Source data:
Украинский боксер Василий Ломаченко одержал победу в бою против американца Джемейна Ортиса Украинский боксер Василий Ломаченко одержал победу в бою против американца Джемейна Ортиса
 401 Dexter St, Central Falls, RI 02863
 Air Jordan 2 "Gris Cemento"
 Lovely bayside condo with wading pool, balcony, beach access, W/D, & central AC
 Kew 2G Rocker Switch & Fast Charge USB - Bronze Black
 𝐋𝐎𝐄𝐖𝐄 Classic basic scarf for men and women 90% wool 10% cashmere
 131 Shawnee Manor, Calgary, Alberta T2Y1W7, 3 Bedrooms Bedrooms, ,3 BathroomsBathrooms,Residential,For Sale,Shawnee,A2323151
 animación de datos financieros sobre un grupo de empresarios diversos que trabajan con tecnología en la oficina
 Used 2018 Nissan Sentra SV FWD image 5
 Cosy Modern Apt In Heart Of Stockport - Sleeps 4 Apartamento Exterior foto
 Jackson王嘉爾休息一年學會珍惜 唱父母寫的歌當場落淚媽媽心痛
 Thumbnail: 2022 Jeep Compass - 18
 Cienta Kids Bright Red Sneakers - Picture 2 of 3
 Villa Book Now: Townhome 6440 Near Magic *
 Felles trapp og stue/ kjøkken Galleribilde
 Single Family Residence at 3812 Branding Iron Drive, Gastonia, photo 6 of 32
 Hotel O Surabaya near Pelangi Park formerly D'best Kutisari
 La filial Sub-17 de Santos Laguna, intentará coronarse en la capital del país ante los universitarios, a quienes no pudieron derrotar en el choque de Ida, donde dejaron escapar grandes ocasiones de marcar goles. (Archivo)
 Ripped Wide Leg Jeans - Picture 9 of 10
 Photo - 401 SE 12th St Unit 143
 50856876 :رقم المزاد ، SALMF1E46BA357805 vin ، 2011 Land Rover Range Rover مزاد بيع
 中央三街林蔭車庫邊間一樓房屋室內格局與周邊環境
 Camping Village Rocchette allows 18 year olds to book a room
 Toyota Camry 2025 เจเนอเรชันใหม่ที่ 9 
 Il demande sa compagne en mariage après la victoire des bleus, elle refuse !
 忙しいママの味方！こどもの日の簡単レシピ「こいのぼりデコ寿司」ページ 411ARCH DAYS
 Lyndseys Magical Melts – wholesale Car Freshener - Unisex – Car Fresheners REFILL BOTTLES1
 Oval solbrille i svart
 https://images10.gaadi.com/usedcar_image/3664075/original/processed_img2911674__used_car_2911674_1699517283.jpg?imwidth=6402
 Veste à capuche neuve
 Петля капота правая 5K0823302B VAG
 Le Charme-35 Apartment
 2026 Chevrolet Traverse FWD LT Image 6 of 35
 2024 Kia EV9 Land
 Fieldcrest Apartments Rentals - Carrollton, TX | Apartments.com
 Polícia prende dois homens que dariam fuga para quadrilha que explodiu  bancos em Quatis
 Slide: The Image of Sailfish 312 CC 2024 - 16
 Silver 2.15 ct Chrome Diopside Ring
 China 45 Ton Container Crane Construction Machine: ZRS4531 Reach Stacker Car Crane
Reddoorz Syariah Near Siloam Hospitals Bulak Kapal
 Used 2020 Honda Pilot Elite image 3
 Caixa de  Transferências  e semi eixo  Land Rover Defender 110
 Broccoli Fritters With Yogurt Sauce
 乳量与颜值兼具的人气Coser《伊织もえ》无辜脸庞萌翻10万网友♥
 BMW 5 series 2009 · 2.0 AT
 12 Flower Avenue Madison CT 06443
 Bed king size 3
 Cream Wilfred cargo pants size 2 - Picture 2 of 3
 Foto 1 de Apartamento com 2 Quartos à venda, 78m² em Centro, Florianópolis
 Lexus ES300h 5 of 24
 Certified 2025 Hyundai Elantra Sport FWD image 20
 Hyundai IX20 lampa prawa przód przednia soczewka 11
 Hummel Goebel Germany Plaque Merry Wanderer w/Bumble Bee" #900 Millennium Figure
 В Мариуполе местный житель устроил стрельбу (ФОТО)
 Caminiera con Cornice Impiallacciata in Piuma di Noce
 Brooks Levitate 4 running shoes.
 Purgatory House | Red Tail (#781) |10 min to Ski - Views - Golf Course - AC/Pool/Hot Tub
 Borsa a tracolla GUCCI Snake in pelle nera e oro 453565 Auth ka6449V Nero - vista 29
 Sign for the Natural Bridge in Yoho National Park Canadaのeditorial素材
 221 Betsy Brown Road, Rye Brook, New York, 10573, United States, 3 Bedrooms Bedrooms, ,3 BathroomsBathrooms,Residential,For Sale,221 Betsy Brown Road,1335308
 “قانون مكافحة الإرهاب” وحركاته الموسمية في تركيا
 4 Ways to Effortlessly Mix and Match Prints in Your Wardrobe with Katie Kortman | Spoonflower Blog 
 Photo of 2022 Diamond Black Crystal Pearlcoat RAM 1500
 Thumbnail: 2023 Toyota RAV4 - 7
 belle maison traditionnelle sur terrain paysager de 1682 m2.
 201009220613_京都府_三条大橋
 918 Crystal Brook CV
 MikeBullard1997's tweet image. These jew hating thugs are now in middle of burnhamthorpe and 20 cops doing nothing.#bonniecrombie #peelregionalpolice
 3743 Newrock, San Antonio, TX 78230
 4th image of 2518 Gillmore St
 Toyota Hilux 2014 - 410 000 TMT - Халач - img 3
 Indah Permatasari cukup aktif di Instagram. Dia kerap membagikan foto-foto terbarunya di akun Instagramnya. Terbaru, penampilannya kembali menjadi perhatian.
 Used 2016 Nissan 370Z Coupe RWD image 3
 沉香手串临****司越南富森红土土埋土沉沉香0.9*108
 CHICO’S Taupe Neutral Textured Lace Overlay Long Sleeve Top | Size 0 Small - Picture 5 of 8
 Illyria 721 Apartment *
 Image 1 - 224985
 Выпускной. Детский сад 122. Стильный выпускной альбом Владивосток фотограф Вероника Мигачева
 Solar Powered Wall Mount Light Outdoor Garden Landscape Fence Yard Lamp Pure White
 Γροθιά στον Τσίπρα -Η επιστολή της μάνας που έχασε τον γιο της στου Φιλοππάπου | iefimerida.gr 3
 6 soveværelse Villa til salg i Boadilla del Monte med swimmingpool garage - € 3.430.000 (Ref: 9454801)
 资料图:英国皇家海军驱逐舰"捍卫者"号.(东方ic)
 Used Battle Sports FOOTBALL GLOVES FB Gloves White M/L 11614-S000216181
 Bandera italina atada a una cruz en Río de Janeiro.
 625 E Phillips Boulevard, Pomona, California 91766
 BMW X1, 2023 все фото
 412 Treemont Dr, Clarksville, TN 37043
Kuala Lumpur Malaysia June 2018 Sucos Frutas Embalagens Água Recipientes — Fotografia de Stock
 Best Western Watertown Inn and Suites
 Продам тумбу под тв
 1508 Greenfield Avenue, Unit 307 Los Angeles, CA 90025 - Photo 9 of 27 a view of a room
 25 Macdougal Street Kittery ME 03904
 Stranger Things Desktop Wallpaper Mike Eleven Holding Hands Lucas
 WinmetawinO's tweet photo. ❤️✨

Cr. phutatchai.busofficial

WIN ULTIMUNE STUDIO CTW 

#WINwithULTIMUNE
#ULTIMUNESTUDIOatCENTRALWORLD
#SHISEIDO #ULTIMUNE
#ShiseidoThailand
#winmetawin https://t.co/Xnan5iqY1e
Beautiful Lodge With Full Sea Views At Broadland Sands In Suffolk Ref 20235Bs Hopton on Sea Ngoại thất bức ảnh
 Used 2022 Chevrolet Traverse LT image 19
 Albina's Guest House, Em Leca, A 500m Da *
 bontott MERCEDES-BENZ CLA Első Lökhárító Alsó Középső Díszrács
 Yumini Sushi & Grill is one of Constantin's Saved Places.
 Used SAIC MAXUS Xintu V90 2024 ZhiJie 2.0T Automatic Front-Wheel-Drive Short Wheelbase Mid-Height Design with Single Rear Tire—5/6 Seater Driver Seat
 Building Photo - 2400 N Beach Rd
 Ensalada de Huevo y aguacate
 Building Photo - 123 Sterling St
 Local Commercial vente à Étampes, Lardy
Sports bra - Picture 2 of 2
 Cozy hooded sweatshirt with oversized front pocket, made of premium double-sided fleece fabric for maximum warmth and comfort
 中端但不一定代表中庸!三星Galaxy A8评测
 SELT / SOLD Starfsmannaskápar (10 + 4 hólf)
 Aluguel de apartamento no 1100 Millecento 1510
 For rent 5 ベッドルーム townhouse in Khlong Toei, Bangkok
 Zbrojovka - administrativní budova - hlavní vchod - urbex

### AIM OF THE TASK
From the records above, reproduce exactly the lines from the one with "В Мариуполе местный" to the one with "Borsa a tracolla", both included, and no others.

### RESULT OF THIS EXERCISE
 В Мариуполе местный житель устроил стрельбу (ФОТО)
 Caminiera con Cornice Impiallacciata in Piuma di Noce
 Brooks Levitate 4 running shoes.
 Purgatory House | Red Tail (#781) |10 min to Ski - Views - Golf Course - AC/Pool/Hot Tub
 Borsa a tracolla GUCCI Snake in pelle nera e oro 453565 Auth ka6449V Nero - vista 29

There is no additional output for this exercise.